LinearSVC vs SVC (kernel = 'linear'): conflicting arguments?

Question

LinearSVC vs SVC (kernel = 'linear'): conflicting arguments?

From my research, I found three conflicting results:

Can someone explain when to use LinearSVC against SVC(kernel="linear") ?

LinearSVC seems to be slightly better than SVC, and is usually more finicky.
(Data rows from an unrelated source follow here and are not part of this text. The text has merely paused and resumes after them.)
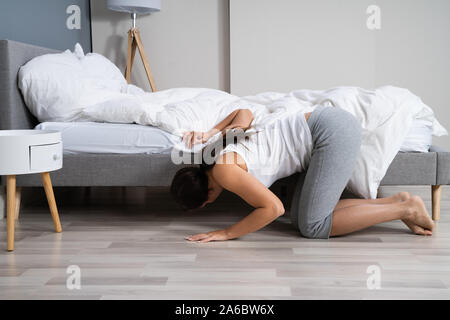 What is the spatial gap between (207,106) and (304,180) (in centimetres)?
73

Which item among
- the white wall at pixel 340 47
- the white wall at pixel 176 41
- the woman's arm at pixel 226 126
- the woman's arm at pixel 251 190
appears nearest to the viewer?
the woman's arm at pixel 251 190

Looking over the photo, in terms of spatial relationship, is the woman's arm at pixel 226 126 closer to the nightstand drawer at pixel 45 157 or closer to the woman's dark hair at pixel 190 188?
the woman's dark hair at pixel 190 188

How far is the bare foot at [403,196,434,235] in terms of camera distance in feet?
7.18

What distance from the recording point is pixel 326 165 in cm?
209

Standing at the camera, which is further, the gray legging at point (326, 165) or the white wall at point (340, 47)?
the white wall at point (340, 47)

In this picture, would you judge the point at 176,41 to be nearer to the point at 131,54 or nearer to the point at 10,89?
the point at 131,54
But if scikit decided to spend time implementing a specific case for linear classification, why not LinearSVC outperform SVC ?

+20

scikit-learn machine-learning svm

THIS USER NEEDS HELP Jan 29 '16 at 3:55

source share

2 answers

The real problem is the problem with the scikit approach , where they call SVM , which is not SVM . LinearSVC actually minimizes the loss of squared loops instead of just losing the hinge, in addition, it penalizes the offset size (which is not SVM ), for more details see Another question: What are the parameters of SVC and LinearSVC in the equivalent of scikit-learn?

So which one to use? This is a pure problem . Since, due to the lack of a free dining theorem, it is impossible to say that "this loss function is best, period." Sometimes a square loss will work better, sometimes a normal hinge.

+6

lejlot Jan 31 '16 at 18:46

source share

eickenberg · Accepted Answer · 2016-01-29T10:12:52+0000

Mathematically, SVM optimization is a convex optimization problem, usually with a unique minimizer. This means that there is only one solution to this problem of mathematical optimization.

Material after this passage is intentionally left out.